When it comes to the morals and the principles you hold dear, there's just one problem. You can be bought off. And often for a low price at that.

As complicated as we think humans are, it all comes down to a basic principle: We want to feel good about our decisions, even if we're lying to ourselves. If we're sacrificing in some way, we start to convince ourselves it's a good thing. 

That can be anything from the mundane (that excruciatingly boring play was totally worth my time!) to the horrific (as when Nazi Germany's systemic persecution of Jews made the average German citizen less likely to protest.)

We often approach life thinking we're guided by a moral code -- don't lie, treat people kindly, look out for others. But social science has proven just how easy it is to get people to abandon their principles and even change their opinions for a small reward that makes them feel good. 

It turns out that smaller rewards, say accepting $1 to lie vs. $20,  are often bigger motivators to bend our moral code because we've sacrificed more.

It's called cognitive dissonance, the discomfort we feel when we hold two contradictory beliefs. Check out the video above for a classic case showing just how easily we can be bought off.

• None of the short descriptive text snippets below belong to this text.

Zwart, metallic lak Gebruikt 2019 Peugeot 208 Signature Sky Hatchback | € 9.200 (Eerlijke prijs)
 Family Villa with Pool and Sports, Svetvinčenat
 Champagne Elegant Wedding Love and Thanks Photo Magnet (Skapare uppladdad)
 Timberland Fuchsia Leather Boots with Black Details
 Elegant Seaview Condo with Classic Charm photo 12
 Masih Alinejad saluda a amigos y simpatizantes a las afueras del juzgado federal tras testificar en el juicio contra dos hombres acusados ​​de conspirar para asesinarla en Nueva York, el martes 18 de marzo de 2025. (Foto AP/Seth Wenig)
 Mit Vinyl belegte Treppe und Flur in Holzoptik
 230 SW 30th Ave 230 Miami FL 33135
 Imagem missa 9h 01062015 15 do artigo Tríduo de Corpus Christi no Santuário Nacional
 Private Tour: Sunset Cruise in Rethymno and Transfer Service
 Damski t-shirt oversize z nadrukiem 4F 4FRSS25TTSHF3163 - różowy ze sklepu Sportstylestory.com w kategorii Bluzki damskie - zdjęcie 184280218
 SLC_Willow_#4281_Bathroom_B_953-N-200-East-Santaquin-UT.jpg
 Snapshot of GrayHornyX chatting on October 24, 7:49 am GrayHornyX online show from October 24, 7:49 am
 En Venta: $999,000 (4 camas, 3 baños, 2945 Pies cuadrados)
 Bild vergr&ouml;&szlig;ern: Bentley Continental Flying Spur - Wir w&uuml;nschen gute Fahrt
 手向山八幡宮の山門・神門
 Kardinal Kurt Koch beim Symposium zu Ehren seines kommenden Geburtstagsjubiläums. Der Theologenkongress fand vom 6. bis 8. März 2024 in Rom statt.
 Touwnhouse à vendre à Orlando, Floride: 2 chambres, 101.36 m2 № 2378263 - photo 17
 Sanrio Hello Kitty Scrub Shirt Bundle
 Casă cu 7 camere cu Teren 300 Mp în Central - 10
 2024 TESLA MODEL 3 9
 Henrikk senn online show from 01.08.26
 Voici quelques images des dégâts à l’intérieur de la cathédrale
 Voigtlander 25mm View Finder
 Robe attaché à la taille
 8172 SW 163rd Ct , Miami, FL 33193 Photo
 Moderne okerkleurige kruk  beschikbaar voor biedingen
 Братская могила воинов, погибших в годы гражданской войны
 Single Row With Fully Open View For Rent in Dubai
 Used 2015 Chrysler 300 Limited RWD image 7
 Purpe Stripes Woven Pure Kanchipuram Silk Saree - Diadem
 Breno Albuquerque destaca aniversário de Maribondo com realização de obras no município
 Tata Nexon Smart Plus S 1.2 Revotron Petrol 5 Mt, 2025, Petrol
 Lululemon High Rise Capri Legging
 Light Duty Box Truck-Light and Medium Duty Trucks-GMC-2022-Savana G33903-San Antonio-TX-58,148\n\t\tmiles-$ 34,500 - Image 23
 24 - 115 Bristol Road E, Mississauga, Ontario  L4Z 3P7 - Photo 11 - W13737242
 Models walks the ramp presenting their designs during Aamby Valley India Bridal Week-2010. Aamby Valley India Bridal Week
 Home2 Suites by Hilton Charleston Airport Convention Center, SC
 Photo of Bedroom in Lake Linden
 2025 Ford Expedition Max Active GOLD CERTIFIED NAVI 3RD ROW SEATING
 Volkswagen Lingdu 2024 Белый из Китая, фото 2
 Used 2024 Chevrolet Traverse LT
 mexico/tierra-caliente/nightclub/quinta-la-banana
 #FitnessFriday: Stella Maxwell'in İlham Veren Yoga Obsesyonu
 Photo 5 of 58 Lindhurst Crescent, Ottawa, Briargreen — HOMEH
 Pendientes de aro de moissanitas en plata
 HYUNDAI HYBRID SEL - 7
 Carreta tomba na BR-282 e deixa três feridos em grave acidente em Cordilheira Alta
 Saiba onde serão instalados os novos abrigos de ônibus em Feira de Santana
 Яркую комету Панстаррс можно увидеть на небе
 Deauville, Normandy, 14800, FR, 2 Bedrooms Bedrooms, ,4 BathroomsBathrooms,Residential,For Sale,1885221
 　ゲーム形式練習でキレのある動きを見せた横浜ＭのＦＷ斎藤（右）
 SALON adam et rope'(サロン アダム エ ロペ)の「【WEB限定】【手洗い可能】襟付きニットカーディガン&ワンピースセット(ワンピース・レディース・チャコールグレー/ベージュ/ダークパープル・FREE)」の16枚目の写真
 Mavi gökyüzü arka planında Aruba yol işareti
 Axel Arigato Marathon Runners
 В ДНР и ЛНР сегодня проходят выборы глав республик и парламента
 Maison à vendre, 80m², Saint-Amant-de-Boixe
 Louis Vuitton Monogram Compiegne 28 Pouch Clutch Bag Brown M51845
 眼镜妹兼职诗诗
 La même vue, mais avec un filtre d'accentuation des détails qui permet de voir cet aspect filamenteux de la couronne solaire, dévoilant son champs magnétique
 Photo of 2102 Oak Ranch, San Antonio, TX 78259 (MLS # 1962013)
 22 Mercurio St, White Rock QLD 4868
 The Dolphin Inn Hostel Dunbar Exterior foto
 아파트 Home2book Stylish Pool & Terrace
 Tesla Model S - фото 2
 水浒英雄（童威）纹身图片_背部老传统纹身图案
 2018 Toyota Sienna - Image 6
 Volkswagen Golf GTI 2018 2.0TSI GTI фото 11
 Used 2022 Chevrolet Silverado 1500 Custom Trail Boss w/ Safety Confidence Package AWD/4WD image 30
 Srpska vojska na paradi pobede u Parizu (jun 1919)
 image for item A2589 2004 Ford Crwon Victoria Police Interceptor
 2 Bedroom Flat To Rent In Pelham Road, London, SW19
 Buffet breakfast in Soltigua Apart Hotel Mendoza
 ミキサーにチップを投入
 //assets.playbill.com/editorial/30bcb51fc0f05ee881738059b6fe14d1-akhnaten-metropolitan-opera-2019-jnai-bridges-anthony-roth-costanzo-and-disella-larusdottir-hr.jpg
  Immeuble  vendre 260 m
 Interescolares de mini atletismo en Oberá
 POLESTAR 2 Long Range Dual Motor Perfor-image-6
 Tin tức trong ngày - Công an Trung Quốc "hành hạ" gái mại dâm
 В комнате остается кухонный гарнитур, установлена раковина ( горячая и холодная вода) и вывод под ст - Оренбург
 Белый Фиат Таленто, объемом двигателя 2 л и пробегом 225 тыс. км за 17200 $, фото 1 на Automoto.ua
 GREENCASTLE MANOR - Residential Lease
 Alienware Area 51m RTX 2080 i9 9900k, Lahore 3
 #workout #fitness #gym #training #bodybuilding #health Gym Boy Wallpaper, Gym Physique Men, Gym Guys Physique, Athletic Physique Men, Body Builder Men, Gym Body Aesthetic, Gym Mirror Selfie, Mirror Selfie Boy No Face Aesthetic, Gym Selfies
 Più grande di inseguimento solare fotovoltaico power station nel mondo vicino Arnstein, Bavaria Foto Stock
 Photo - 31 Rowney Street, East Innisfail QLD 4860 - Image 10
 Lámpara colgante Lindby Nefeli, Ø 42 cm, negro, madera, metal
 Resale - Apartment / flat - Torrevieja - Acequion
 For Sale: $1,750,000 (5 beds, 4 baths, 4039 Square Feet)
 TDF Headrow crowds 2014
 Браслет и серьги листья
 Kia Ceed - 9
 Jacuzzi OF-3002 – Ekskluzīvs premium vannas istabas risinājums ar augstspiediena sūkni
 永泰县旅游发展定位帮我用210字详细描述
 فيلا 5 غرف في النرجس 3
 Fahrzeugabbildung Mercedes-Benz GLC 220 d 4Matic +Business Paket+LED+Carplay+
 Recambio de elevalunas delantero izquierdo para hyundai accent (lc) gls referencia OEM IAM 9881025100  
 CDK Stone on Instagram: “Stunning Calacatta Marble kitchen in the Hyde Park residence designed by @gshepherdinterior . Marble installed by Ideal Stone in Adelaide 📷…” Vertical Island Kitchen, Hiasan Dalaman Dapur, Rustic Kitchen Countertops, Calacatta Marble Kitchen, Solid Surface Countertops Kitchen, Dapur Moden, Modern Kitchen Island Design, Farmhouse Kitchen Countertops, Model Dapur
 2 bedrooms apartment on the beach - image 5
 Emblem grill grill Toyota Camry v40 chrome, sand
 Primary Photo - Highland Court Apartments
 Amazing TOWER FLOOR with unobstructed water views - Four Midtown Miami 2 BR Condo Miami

Students are asked to complete an extremely boring experiment and then offered a reward to tell another student how interesting the task was. Whether for $20 or $1, the students are willing to lie to their peers. 

In fact, students with the lower reward for lying were even more likely to believe their own lie because the $1 payoff was so low. They convinced themselves of the lie to get rid of discomfort over being dishonest. 

Want to test this out in your own life? It's really easy, according to that great social experimenter Ben Franklin (seriously, is there any field that guy wasn't involved in?)

Franklin said the best way to get someone to like you is to finagle a favor from them. Once someone has sacrificed for you, they'll convince themselves they like you; otherwise, the sacrifice of the favor was in vain and we all subconsciously try to avoid that.